What to do
Strip the pictures and reproduce the rest of the listing exactly.

___

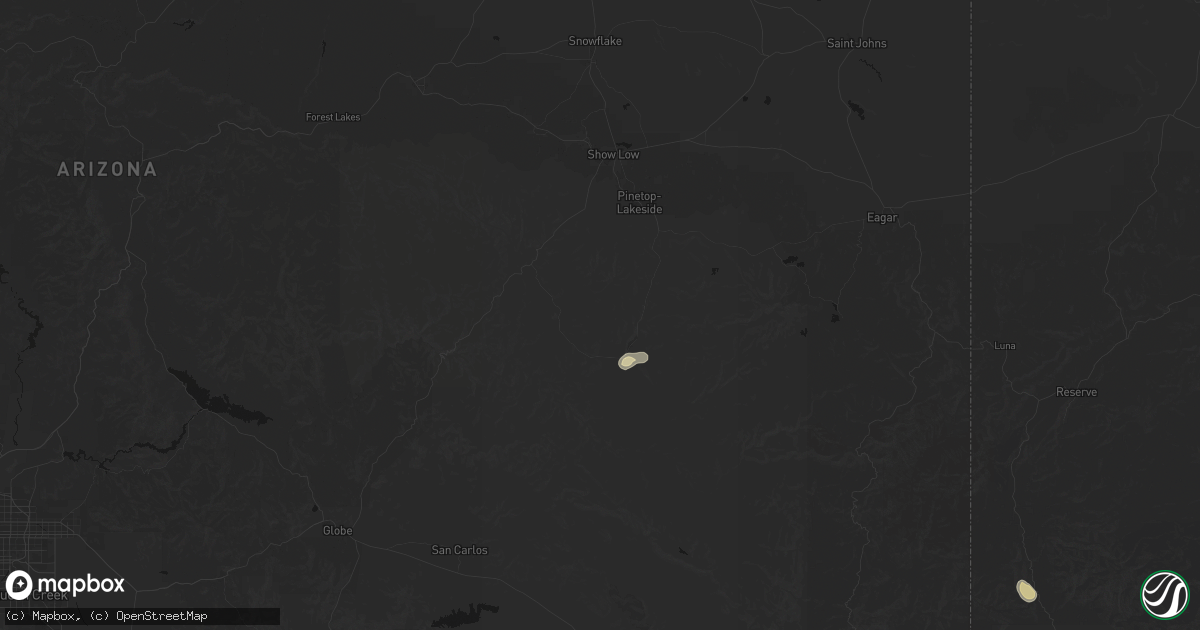 Hail map in Whiteriver, AZ on August 3, 2026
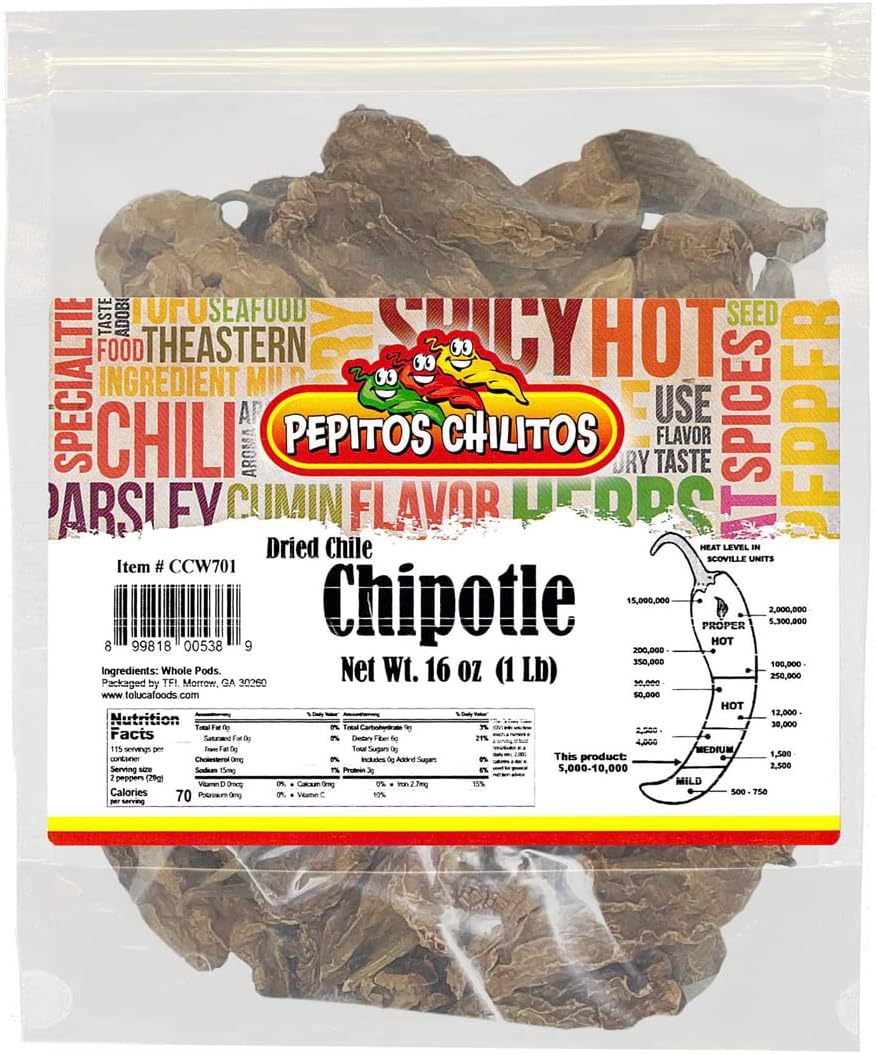 PEPITOS CHILITOS/Chile Chipotle 16oz bag.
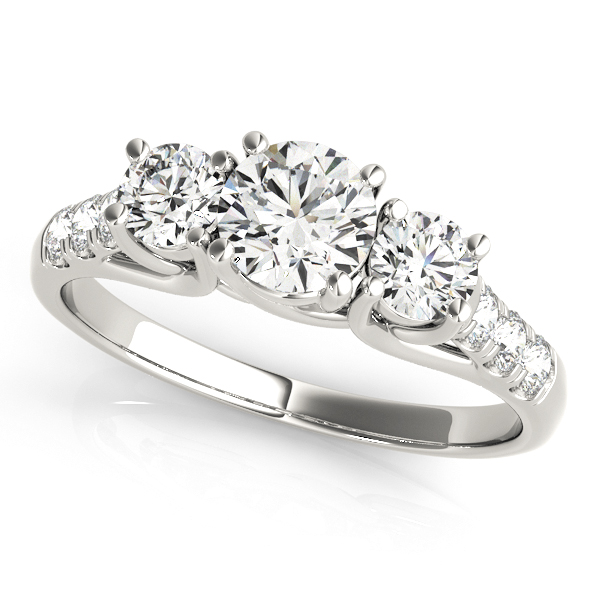 Three Stone Side Stone Engagement Ring Trellis Set Diamonds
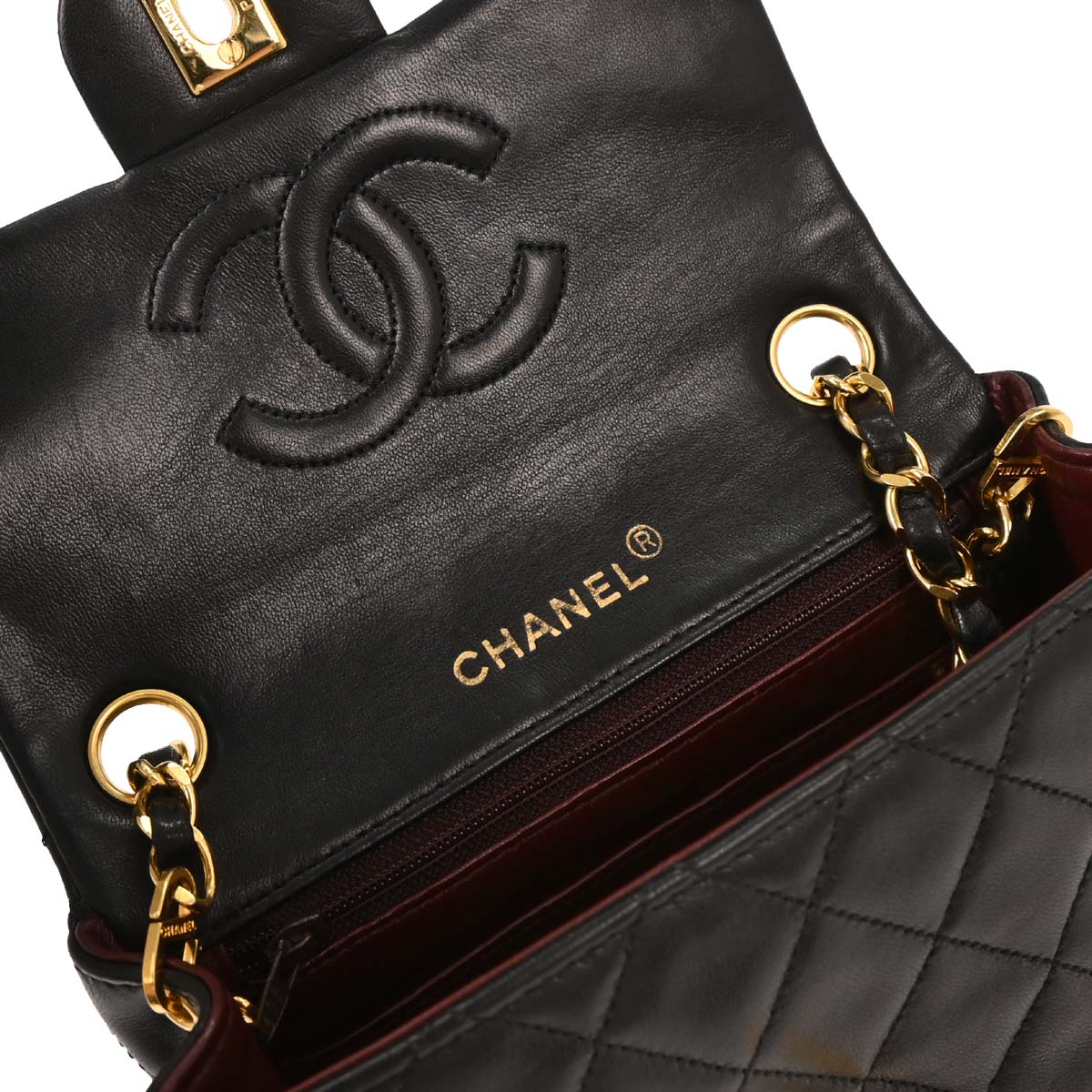 Chanel 1989-1991 Black Lambskin Mini Classic Square Flap Shoulder Bag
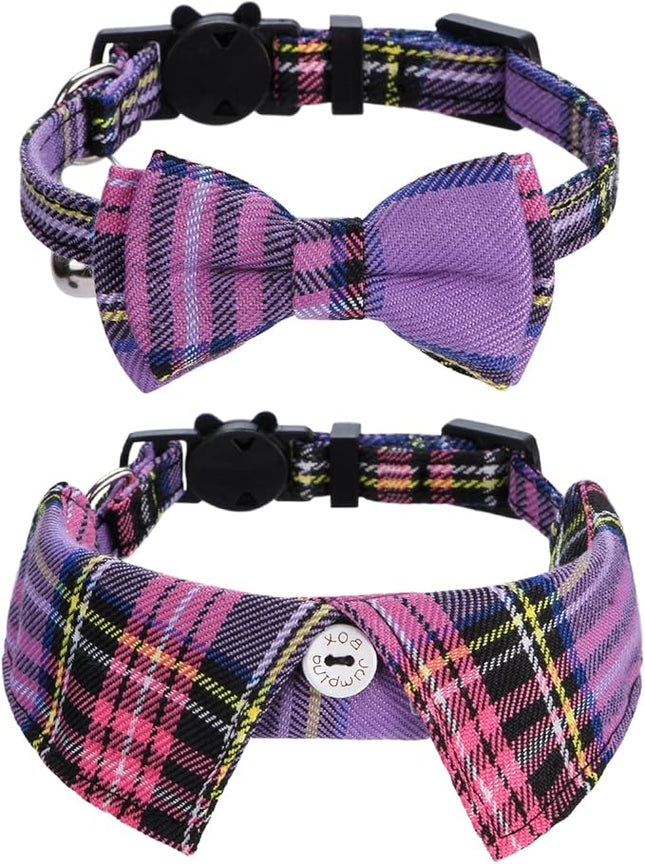 Faleela 2 Pack/Set Cat Collar with Cute Bow Tie and Bell,Breakaway Plaid Shirt Collar for Kitty Adjustable Safety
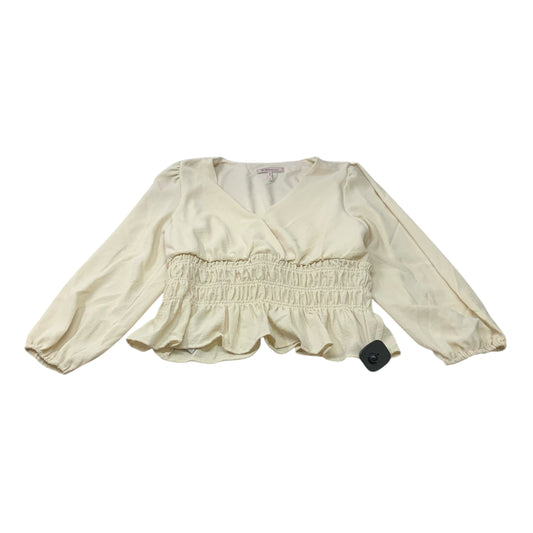 Blouse Long Sleeve By Bcbgeneration In Cream, Size: M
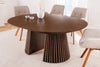 Round Extendable Dining Table Yoko 120-160-200cm Oak Wood Brown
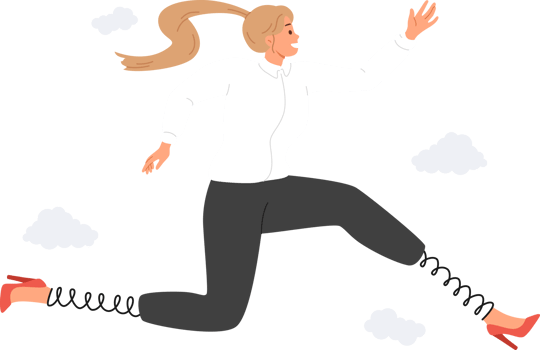 Ambitious business woman strives to achieve goals and jumps high using springs instead of legs. Ambitious manager in formal clothes smiles, rejoicing at opportunity to move to more profitable position png
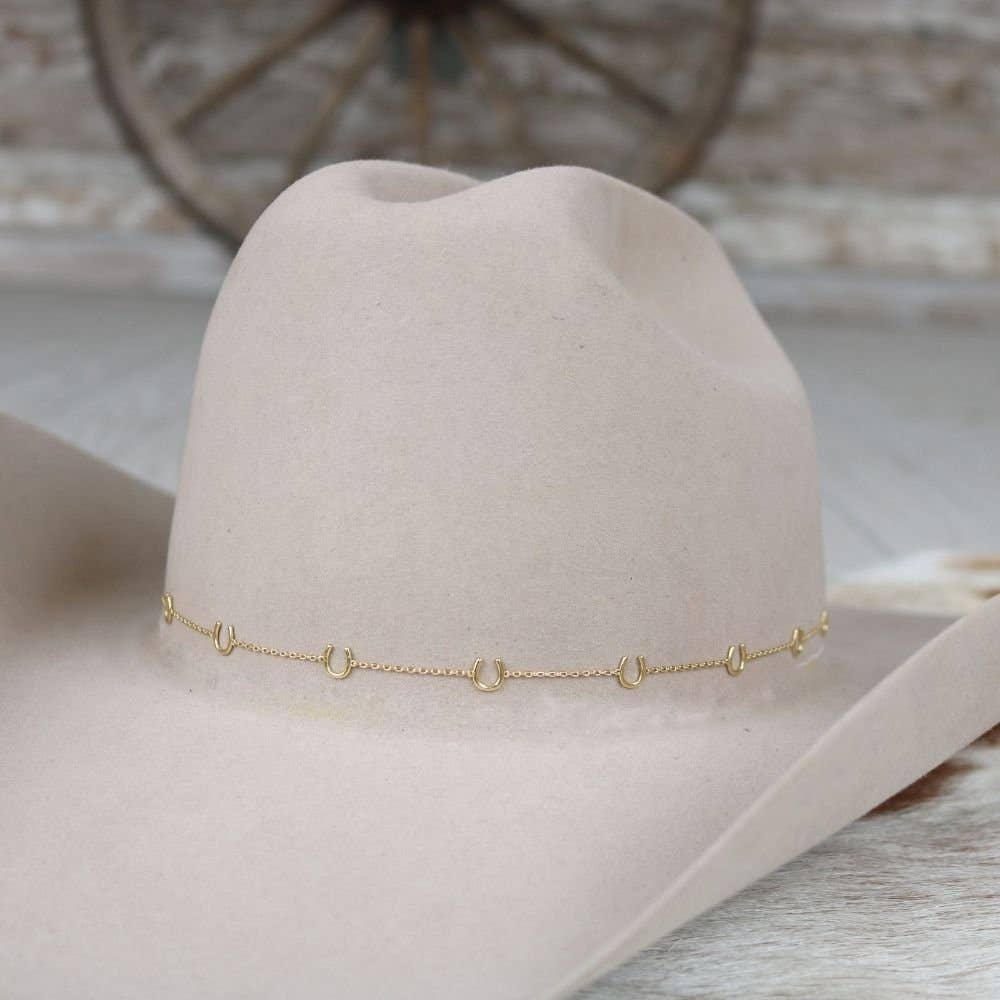 14K Gold Plated Horseshoe Chain Hat Band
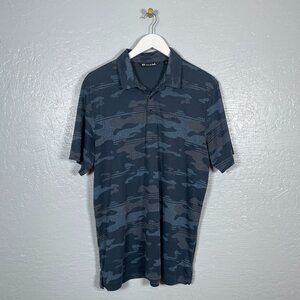 Travis Mathew Men XL Blue Camo Nip In The Air Polo Shirt Performance Golf Resort
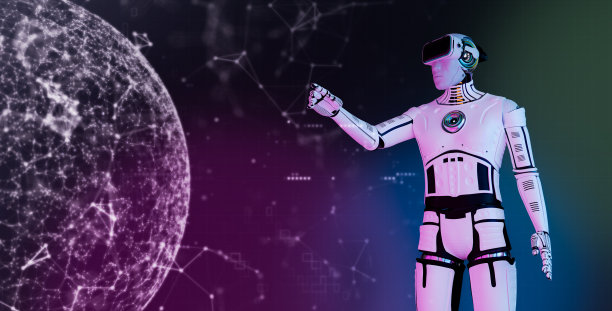 机器人虚拟现实眼镜3D VR眼镜，元宇宙技术概念图片下载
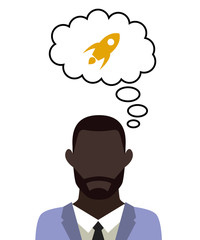 Mann überlegt - Raketenstart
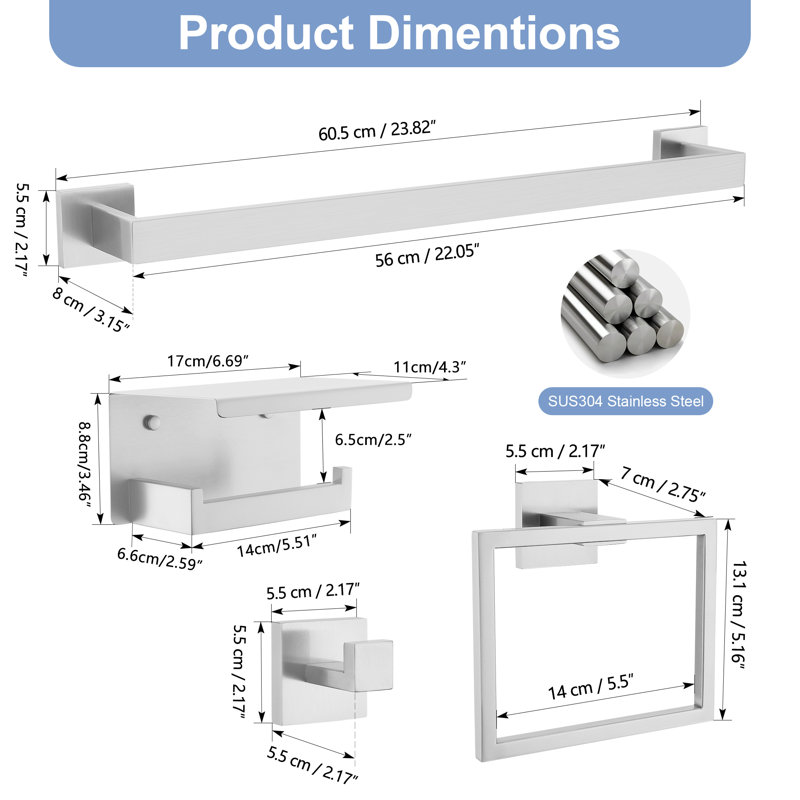 5 Piece Bath Hardware Set (set Of 5), Brushed Nickel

___

Written solution
 Hail map in Whiteriver, AZ on August 3, 2026
 PEPITOS CHILITOS/Chile Chipotle 16oz bag.
 Three Stone Side Stone Engagement Ring Trellis Set Diamonds
 Chanel 1989-1991 Black Lambskin Mini Classic Square Flap Shoulder Bag
 Faleela 2 Pack/Set Cat Collar with Cute Bow Tie and Bell,Breakaway Plaid Shirt Collar for Kitty Adjustable Safety
 Blouse Long Sleeve By Bcbgeneration In Cream, Size: M
 Round Extendable Dining Table Yoko 120-160-200cm Oak Wood Brown
 Ambitious business woman strives to achieve goals and jumps high using springs instead of legs. Ambitious manager in formal clothes smiles, rejoicing at opportunity to move to more profitable position png
 14K Gold Plated Horseshoe Chain Hat Band
 Travis Mathew Men XL Blue Camo Nip In The Air Polo Shirt Performance Golf Resort
 机器人虚拟现实眼镜3D VR眼镜，元宇宙技术概念图片下载
 Mann überlegt - Raketenstart
 5 Piece Bath Hardware Set (set Of 5), Brushed Nickel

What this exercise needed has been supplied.